Dany Martinez, owner of the Panaderia Santa Elena bakery, is concerned, too. His business shares space in an aged shopping center catering primarily to Hispanic customers, located just off Fairburn Road. They are in the way of the revised Ga. 92.
“Bottom line?” he asked. “It is progress. Regardless of what I think, it is going to happen.”
Neighboring merchant Felix Garcia isn’t as resigned.
“I don’t really want it,” said Garcia, who owns the restaurant El Tacomiendo. “Everybody here will have to find a new place.”
Not everybody. Opposite the old shopping center is a CVS pharmacy, built about three years ago. When city officials approved the pharmacy’s construction plans, they required contractors to build it facing the new highway; at present, it appears slightly diagonal to Fairburn Road.

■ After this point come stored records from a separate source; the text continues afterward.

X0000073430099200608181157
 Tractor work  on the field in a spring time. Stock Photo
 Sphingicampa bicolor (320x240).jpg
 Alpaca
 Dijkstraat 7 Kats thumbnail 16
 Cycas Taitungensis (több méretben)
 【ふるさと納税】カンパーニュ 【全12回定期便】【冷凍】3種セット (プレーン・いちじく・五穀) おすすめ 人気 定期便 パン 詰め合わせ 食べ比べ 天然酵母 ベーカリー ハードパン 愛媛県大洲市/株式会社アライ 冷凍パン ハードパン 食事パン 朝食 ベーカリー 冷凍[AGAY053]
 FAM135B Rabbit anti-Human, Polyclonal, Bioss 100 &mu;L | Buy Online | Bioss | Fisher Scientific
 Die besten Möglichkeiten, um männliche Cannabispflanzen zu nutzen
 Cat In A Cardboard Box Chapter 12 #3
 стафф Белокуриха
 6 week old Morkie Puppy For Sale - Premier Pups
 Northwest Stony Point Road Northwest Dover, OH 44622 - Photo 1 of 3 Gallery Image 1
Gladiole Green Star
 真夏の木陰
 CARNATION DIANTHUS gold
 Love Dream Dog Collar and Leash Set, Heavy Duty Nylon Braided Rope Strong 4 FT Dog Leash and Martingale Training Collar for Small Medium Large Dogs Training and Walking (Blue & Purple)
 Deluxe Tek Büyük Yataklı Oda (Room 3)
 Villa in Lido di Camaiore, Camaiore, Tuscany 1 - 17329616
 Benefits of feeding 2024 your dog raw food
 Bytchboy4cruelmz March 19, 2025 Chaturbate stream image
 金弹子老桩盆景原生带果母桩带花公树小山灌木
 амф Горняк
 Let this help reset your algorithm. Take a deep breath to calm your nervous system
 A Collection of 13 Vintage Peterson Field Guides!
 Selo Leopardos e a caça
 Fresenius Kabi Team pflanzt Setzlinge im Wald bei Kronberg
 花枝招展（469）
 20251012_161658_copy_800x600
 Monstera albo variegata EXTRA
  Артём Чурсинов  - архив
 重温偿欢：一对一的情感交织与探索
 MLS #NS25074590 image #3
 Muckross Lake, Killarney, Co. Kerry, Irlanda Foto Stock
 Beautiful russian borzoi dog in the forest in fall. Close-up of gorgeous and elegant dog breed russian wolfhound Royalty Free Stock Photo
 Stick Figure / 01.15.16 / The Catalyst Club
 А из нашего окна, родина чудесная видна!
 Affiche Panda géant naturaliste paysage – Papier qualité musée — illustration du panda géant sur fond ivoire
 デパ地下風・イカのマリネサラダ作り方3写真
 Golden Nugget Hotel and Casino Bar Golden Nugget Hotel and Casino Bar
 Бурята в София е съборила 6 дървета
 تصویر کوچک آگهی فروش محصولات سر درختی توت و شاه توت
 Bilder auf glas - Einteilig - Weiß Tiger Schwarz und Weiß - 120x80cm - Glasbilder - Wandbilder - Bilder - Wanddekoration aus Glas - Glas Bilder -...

“We didn’t want it to be out of whack” when the new roadway is built, said Osborne.
Dealing with details
The precise, final path of Ga. 92 has not been determined. City and state officials are still soliciting comments about the project, which federal guidelines require. But, barring something unforeseen, the new road will adhere closely to the path engineers have drawn.
The project will take place in three stages. The first focuses on the site where Ga. 92 crosses train tracks. Plans call for an underpass for the tracks, plus Strickland Street, which runs parallel to the rails.
“When a train comes through, traffic stops,” said Osborne, the city manager.
The second phase focuses on the tract south of the tracks, where Martinez, Garcia and others have businesses. The last phase, north of the tracks, heads into neighborhoods where people own or rent homes. The phases are supposed to be done at the same time, officials say.
The scheduling worries Burk Holmes. Road work south of the rails will make it harder for people on the other side of the tracks to get to groceries, restaurants and medical help, she said.
“I’m not putting a race card on it,” she said. “The [underpass] must be first, but ... then it should be the citizens. They are people. They are families.”
They are people like Stephanie McClarty, the mom who wanted to leave her Green Street home to her children and grandchildren.
She found the spot on a DOT map where her home is located, then traced her finger along a line depicting six lanes of traffic. One lane rolled directly over the home site.
McClarty shrugged. ‘I didn’t think they were going to get my home,” she said.